Class = ? # how much can you pay for the tickets?  

Result = decision_tree.predict([Gender, Class])

In [None]:
Survive_Prob = decision_tree.predict_proba([Gender, Class])[0,1]*100

In [None]:
####################### Decision Tree Prediction #######################
if Result==1: 
    print('He/She has a {0:.2f}% chance of survival! :)'.format(Survive_Prob))
else: 
    print('He/She has a {0:.2f}% chance of survival :('.format(Survive_Prob))

As you can see the model is predicting what would happend to a new person based on what happened to all the passengers

__Exercise__: Train your model using all features

In [None]:
features = ['Gender', # complete this list]
model = decision_tree.fit(# give the paremeters needed here)

In [None]:
# How good is our model?

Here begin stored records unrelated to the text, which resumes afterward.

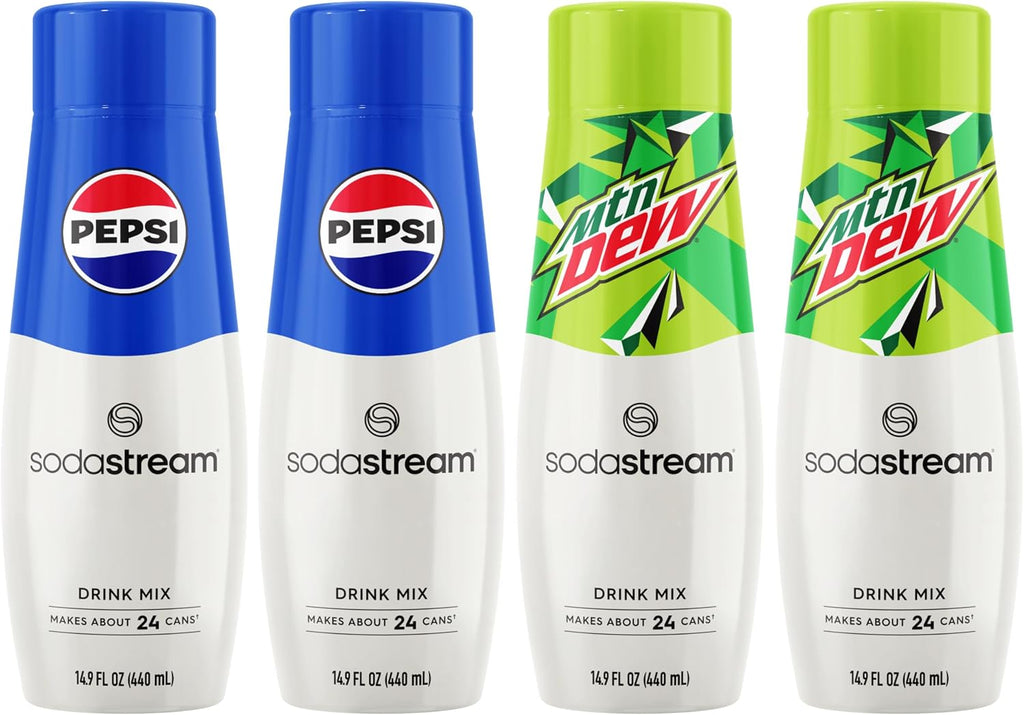 SodaStream Pepsi & MTN Dew Variety Pack, 440ml Pack of 4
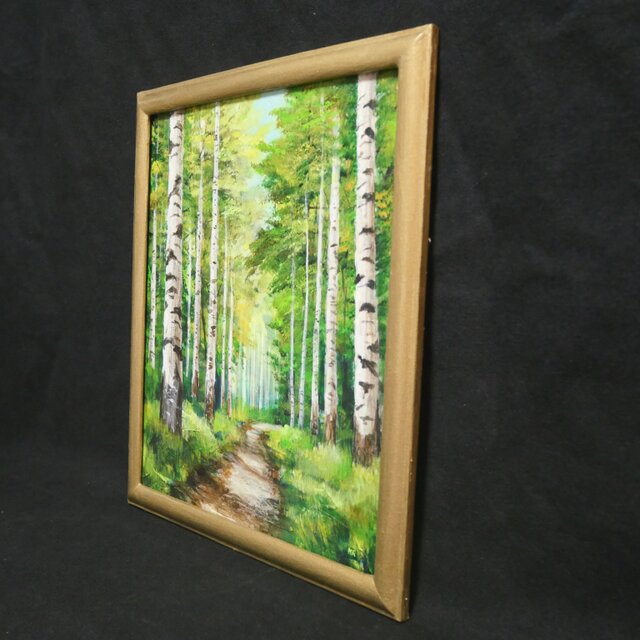 油絵 油彩 油彩画 絵画 絵【白樺林道】 | iichi 日々の暮らしを
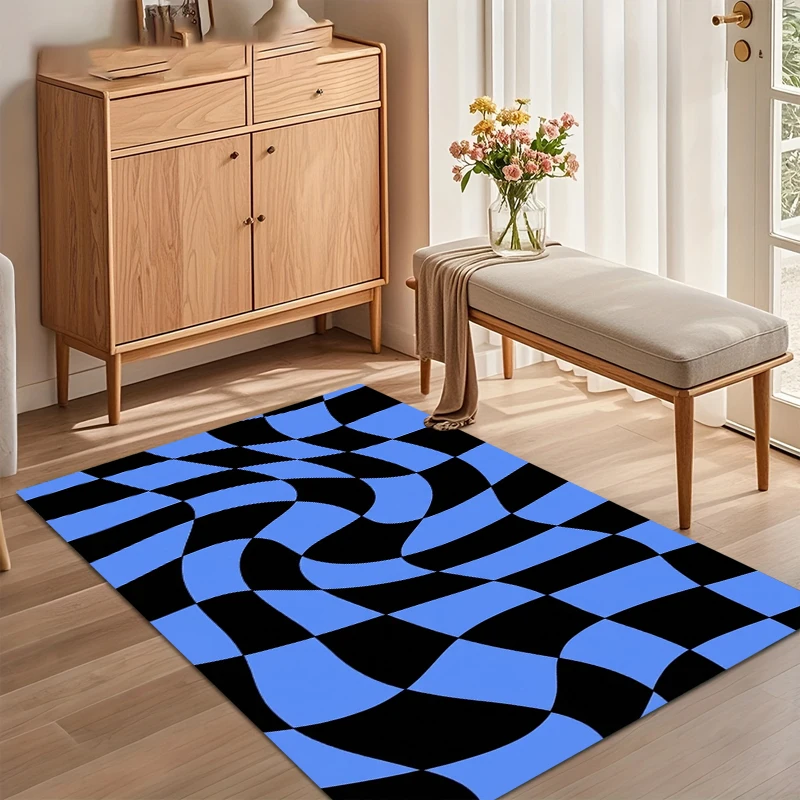 Abstract Black White Zebra Rug Modern Marble Wave Living Room Carpet Luxury Stripe Area Rug Bedroom Lounge Floor Mat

Is it better or worse than the one with less features? Why?
model.score(X_test[features], y_test)

## Validating results

### 1. Is it possible to validate?
### 2. Is the way you are validating matching the problem you are claiming to solve?
### 3. If validation is failing:
#### Bad Data
> Data does not accurately represent unknown population, it is not sufficient, need to improve data featuring, etc.  

#### Bad Model
> Model is innadequate for the problem you are trying to solve, etc.